§ **Exercise details**
Exactly the lines below starting at the line with "Mini Portable Washing" and ending at the line with "Godyce Volleyball Pendant" are wanted, with both ends included. Leave out the pictures and add no other lines.

Supplied data Block Start

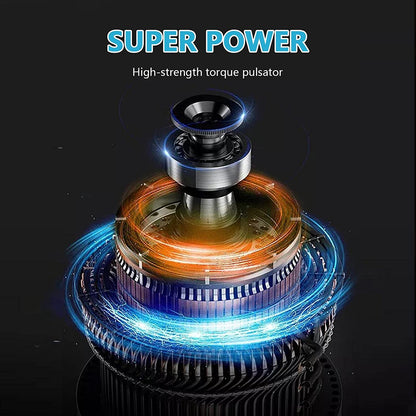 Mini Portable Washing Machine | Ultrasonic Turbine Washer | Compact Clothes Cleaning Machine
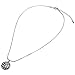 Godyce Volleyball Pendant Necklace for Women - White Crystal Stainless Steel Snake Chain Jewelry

Supplied data Block End
Supplied data Block Start

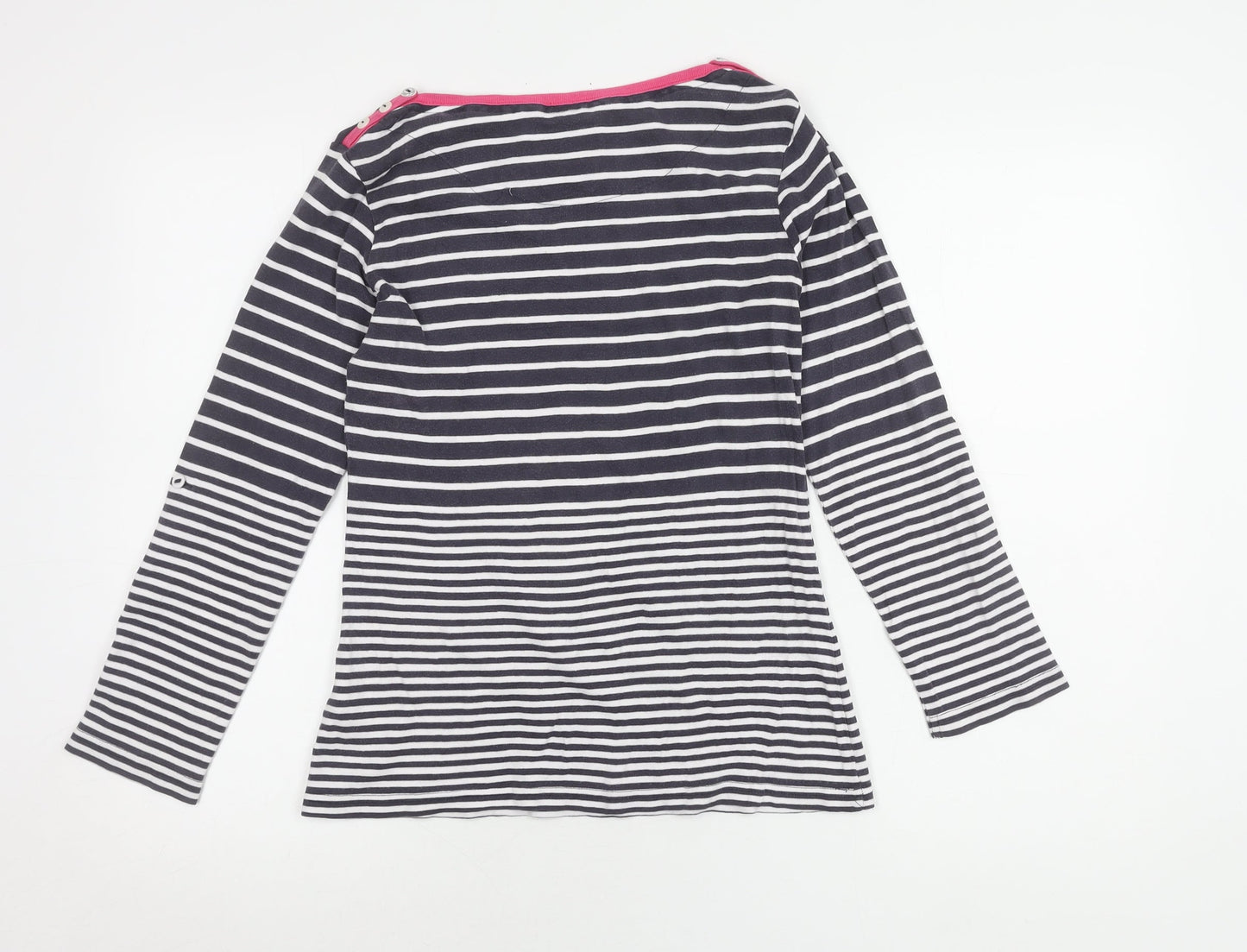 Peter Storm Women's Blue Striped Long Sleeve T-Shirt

Supplied data Block End

§ **Answer section**
 Mini Portable Washing Machine | Ultrasonic Turbine Washer | Compact Clothes Cleaning Machine
 Godyce Volleyball Pendant Necklace for Women - White Crystal Stainless Steel Snake Chain Jewelry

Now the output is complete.